Flüchtlingsdebatte in Frankreich:Grenzen auf nach rechts

Flüchtlingsdebatte in Frankreich: "Keine Migranten in unseren Gemeinden": Unterstützer des Front National demonstrieren im südfranzösischen La Tour-d'Aigues gegen den möglichen Zuzug von Flüchtlingen.

"Keine Migranten in unseren Gemeinden": Unterstützer des Front National demonstrieren im südfranzösischen La Tour-d'Aigues gegen den möglichen Zuzug von Flüchtlingen.

(Foto: AFP)

Der "Dschungel" von Calais wird geräumt. Und Konservative und Front National überbieten sich mit Vorschlägen, wie sie Flüchtlinge künftig von Frankreich fernhalten wollen.

Von Leo Klimm

Die Rechten geben den Ton an. Frankreichs sozialistische Regierung betreibe "eine wahre Vorzugsbehandlung der Ausländer", giftet Marion Maréchal-Le Pen auf einer Demonstration in Grambois. In dem 1200-Einwohner-Dorf in der Provence sollen bald 60 Flüchtlinge in einem Ferienzentrum unterkommen. Sie werden nach Räumung des "Dschungels" von Calais dorthin gebracht.
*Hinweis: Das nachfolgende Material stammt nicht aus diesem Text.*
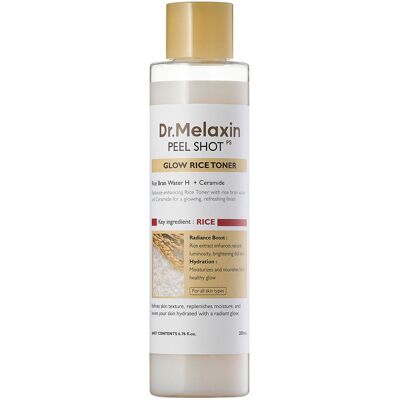 DR.MELAXIN PEEL SHOT LINE ROZŚWIETLAJĄCY TONIK Z EKSTRAKTEM Z BIAŁEGO RYŻU 200ML DR.MELAXIN PEEL SHOT LINE ROZŚWIETLAJĄCY TONIK Z EKSTRAKTEM Z BIAŁEGO RYŻU 200ML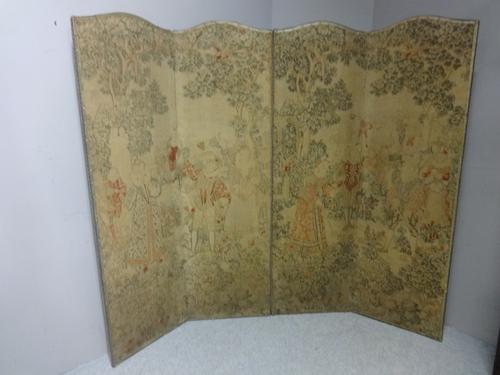 Period Four Fold Screen c.1850 (1 of 5) Period Four Fold Screen c.1850 (1 of 5)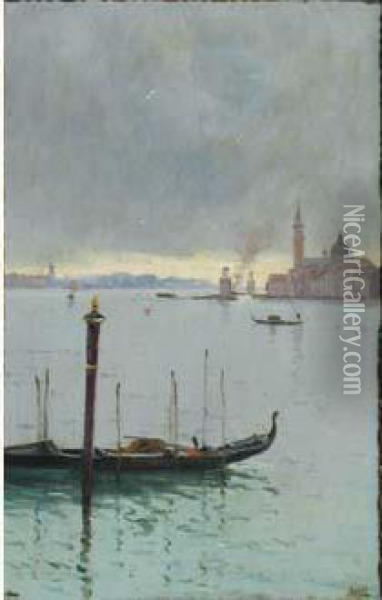 Temps Pluvieux, Venise Oil Painting - Marie Joseph Leon Clavel Iwill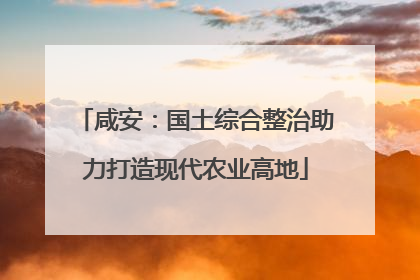 咸安：国土综合整治助力打造现代农业高地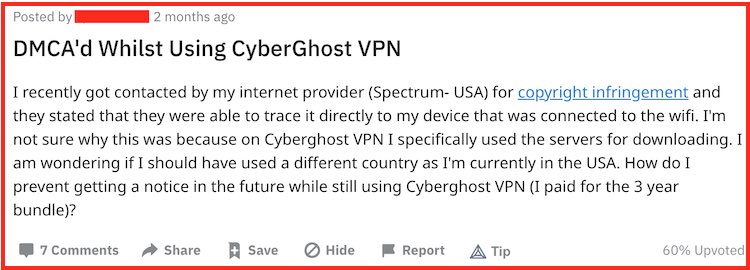 VPN Cyberghost pour le torrent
Maréchal-Le Pen, Nichte von Front-National-Chefin Marine Le Pen und Abgeordnete der Rechtsextremen, lässt es sich nicht nehmen, mit etwa hundert Anhängern und Sprüchen wie "Unsere Dörfer ohne Migranten" gegen Flüchtlinge zu wettern. Ihr gegenüber haben sich, getrennt durch Polizisten, 300 Gegendemonstranten versammelt, die ihre Solidarität mit den Gestrandeten von Calais bekunden.

Die Aufnahme der etwa 7000 verbliebenen Flüchtlinge, die in dem Elendslager hausten und jetzt auf 451 Orte in Frankreich verteilt werden sollen, spaltet das Land. Im Kleinen, wie in Grambois oder auch in Loubeyrat, einem Dorf in der Auvergne, wo in der Nacht zu Montag Feuer in einer Flüchtlingsunterkunft gelegt wurde. Calais polarisiert aber auch die große Politik, weil die Räumung bei Konservativen und Rechtsextremen einen populistischen Überbietungswettkampf befeuert.

Die Auflösung des Lagers fällt in den Vorwahlkampf der bürgerlichen Republikaner, die im November ihren Kandidaten für die Präsidentenwahl 2017 bestimmen. Manche Anwärter nutzen das Thema, um unverhohlen Wähler des Front National (FN) anzusprechen - vorneweg Ex-Präsident Nicolas Sarkozy, der vor einer "Überschwemmung" durch Flüchtlinge warnt.

Der Slum werde sich immer wieder neu bilden, solange Europas Grenzen durchlässig seien wie ein Sieb, sagte Sarkozy bei einem Besuch in Calais. Sarkozy verspricht im Falle seines Wahlsiegs scharfe Kontrollen an Frankreichs EU-Binnengrenzen und eine Neuverhandlung der französisch-britischen Abkommen von Le Touquet, die er als Innenminister einst selbst unterzeichnet hat; sie verpflichten Paris, Menschen ohne gültige Reisepapiere an der Querung des Ärmelkanals zu hindern.

Wettern gegen den Dschungel im ganzen Land

Auch Laurent Wauquiez, Präsident der Region Auvergne-Rhône-Alpes und Interimschef der Republikaner, macht Stimmung gegen die Verteilung der Menschen aus Calais. Er soll in seiner Region 1784 der Flüchtlinge aufnehmen. Im September startete Wauquiez eine Onlinepetition "gegen die Schaffung von Dschungeln im ganzen Land".

So wie Sarkozy behauptet er, neue Aufnahmezentren schafften einen Anreiz für Flüchtlinge, nach Frankreich zu kommen, obwohl sie oft keine Aussicht auf Asyl hätten. Die Unterkünfte wirkten wie "eine Prämie für illegale Einwanderung". Ganz ähnlich drückt sich FN-Frau Maréchal-Le Pen aus. Und bevor Wauquiez mit der Petition begann, hatte schon der Bürgermeister einer FN-Hochburg einen Verein für Ortsvorsteher gegründet, die Flüchtlinge in ihrer Gemeinde ablehnen.

Die Nähe zum FN stört einige bei den Republikanern. Der konservative Präsident der Region Hauts-de-France, in der Calais liegt, räumt verlegen ein: Es falle ihm schwer, beim Flüchtlingsthema noch Unterschiede zu den Rechtsextremisten zu erklären. Doch die gibt es. Etwa den, dass auch Bürgermeister der Republikaner dem Aufruf der Regierung folgen - und Calais-Flüchtlinge aufnehmen. FN-Bürgermeister tun das nicht.